Given data —

□ □ □ □ □

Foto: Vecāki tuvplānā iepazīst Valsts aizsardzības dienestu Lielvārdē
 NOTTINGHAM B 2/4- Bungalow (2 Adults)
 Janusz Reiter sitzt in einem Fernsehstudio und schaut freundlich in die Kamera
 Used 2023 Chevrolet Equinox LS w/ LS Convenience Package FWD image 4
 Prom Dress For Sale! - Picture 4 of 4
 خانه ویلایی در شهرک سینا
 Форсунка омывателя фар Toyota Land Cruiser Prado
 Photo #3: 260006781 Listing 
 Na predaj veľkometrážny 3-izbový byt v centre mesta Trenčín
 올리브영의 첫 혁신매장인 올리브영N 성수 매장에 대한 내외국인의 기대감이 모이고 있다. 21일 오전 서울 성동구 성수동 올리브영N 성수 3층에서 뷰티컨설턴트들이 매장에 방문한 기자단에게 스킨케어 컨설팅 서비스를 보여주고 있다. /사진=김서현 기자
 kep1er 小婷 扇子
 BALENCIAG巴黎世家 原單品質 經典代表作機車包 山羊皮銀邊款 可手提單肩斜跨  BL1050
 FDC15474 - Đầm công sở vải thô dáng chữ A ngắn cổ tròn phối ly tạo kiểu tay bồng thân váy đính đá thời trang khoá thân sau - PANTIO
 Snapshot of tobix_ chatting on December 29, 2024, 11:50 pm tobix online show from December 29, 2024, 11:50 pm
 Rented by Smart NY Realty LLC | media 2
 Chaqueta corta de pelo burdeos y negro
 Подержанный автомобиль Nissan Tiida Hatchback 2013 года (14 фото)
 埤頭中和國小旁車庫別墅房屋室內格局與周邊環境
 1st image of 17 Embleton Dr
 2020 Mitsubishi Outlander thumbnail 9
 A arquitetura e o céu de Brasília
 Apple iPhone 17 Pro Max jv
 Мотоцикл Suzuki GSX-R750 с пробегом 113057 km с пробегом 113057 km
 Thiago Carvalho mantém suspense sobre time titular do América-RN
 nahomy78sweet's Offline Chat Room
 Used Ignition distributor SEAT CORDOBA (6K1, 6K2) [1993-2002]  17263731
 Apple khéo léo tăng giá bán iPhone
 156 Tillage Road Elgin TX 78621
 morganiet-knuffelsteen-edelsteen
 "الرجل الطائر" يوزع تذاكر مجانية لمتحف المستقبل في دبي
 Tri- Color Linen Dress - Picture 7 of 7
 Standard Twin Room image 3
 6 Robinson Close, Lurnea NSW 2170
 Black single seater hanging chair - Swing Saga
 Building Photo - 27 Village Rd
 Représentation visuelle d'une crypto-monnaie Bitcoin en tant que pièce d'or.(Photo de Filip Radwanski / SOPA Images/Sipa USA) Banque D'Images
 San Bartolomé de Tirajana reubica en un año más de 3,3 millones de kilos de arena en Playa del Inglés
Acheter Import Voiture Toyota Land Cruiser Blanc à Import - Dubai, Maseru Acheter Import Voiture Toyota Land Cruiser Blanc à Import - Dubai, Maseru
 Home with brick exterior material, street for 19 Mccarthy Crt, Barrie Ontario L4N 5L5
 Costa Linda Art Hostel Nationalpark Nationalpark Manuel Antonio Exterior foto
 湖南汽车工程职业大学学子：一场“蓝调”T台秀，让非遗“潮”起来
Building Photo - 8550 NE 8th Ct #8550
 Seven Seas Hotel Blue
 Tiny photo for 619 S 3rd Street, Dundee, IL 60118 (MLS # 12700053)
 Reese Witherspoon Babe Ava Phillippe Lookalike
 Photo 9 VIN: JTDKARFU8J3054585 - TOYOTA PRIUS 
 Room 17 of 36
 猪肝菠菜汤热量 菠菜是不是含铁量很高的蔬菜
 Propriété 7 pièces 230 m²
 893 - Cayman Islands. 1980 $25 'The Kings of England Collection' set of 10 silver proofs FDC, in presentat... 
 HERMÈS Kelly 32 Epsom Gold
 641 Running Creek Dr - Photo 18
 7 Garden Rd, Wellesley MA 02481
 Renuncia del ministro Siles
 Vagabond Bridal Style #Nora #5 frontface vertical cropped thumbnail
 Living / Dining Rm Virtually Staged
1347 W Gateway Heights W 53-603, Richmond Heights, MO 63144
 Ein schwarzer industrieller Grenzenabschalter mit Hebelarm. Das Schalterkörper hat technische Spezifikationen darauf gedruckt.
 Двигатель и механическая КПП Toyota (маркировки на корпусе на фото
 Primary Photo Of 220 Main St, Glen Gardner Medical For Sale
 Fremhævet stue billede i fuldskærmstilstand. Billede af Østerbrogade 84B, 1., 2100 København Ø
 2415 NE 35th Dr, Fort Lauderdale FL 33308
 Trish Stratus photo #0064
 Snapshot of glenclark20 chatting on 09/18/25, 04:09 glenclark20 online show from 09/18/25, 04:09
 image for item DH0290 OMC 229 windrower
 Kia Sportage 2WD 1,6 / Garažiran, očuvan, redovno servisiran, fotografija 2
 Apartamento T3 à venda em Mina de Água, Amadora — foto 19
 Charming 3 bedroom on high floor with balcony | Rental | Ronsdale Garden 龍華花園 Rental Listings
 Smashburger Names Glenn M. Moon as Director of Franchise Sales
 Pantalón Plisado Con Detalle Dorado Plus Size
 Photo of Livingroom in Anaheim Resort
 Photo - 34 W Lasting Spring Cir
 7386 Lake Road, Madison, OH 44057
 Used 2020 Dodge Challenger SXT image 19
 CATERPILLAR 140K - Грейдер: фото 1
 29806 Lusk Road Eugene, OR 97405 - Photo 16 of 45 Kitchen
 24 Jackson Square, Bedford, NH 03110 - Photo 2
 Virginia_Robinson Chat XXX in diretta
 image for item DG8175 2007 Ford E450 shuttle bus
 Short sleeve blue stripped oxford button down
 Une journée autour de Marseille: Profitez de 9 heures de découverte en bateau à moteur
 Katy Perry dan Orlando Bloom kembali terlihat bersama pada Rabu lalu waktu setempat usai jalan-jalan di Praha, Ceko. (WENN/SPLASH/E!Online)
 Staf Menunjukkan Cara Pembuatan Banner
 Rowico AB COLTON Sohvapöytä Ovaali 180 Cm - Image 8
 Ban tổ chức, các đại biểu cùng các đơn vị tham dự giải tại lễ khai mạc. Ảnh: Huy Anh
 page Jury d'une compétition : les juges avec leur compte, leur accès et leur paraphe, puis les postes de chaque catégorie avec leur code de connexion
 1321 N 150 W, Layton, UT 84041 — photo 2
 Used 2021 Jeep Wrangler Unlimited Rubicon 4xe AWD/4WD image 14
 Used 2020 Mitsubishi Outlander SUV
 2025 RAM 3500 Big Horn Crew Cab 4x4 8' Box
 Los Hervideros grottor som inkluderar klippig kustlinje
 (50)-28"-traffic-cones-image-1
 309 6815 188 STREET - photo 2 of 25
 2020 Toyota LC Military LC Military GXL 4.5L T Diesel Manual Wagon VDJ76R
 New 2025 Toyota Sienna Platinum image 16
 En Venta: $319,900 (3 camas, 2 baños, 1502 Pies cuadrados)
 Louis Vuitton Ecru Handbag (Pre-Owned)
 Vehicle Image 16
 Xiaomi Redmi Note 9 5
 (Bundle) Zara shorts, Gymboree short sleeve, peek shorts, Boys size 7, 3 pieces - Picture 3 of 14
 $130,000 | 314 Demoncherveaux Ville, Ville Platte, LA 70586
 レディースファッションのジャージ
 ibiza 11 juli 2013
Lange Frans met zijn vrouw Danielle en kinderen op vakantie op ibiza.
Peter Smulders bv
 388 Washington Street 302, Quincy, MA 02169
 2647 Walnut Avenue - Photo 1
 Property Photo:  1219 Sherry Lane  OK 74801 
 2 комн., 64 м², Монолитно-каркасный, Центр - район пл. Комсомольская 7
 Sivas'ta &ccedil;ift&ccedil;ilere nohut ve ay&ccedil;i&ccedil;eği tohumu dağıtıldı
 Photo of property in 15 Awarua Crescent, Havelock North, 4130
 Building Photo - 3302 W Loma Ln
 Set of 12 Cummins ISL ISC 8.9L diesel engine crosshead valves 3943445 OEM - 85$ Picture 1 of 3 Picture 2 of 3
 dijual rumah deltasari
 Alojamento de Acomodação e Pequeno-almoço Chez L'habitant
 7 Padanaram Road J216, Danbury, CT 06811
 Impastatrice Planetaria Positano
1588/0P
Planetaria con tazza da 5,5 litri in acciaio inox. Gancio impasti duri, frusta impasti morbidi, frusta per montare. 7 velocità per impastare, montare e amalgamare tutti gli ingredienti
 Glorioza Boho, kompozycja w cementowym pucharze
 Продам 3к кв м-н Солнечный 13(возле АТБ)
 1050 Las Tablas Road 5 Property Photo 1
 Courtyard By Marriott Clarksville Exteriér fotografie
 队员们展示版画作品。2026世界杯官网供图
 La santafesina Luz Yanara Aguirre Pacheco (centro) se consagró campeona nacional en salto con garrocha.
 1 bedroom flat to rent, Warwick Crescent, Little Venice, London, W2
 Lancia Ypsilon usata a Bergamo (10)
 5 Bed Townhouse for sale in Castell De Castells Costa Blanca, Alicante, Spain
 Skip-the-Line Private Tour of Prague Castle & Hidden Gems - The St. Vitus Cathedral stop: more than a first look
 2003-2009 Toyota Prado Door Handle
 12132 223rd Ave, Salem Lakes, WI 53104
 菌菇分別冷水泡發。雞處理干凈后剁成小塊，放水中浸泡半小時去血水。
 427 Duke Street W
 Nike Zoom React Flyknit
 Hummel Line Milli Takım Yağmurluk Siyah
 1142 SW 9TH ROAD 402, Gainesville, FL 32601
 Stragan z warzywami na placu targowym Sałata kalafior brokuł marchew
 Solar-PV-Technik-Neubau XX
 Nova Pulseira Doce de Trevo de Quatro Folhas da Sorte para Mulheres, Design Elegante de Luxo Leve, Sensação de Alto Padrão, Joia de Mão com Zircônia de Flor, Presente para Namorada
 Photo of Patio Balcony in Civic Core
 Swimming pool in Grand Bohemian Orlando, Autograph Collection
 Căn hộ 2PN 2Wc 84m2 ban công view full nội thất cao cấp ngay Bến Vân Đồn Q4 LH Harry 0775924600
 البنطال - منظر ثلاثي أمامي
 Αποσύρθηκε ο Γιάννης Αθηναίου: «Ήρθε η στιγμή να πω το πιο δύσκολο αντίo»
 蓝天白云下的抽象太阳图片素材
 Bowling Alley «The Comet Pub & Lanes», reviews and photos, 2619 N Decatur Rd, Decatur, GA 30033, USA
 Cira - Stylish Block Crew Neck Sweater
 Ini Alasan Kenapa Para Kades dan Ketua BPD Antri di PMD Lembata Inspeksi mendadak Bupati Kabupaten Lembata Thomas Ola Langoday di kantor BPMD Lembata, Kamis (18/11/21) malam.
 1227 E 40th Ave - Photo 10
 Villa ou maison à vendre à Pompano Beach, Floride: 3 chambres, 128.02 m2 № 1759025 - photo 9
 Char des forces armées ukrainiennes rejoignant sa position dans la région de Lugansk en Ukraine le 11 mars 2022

□ □ □ □ □

Exercise objective — Search the listing above for the lines with "6 Robinson Close, Lurnea NSW 2170" and "Vagabond Bridal Style", then output those lines and all lines between them exactly.

Solution for this exercise —
 6 Robinson Close, Lurnea NSW 2170
 Black single seater hanging chair - Swing Saga
 Building Photo - 27 Village Rd
 Représentation visuelle d'une crypto-monnaie Bitcoin en tant que pièce d'or.(Photo de Filip Radwanski / SOPA Images/Sipa USA) Banque D'Images
 San Bartolomé de Tirajana reubica en un año más de 3,3 millones de kilos de arena en Playa del Inglés
Acheter Import Voiture Toyota Land Cruiser Blanc à Import - Dubai, Maseru Acheter Import Voiture Toyota Land Cruiser Blanc à Import - Dubai, Maseru
 Home with brick exterior material, street for 19 Mccarthy Crt, Barrie Ontario L4N 5L5
 Costa Linda Art Hostel Nationalpark Nationalpark Manuel Antonio Exterior foto
 湖南汽车工程职业大学学子：一场“蓝调”T台秀，让非遗“潮”起来
Building Photo - 8550 NE 8th Ct #8550
 Seven Seas Hotel Blue
 Tiny photo for 619 S 3rd Street, Dundee, IL 60118 (MLS # 12700053)
 Reese Witherspoon Babe Ava Phillippe Lookalike
 Photo 9 VIN: JTDKARFU8J3054585 - TOYOTA PRIUS 
 Room 17 of 36
 猪肝菠菜汤热量 菠菜是不是含铁量很高的蔬菜
 Propriété 7 pièces 230 m²
 893 - Cayman Islands. 1980 $25 'The Kings of England Collection' set of 10 silver proofs FDC, in presentat... 
 HERMÈS Kelly 32 Epsom Gold
 641 Running Creek Dr - Photo 18
 7 Garden Rd, Wellesley MA 02481
 Renuncia del ministro Siles
 Vagabond Bridal Style #Nora #5 frontface vertical cropped thumbnail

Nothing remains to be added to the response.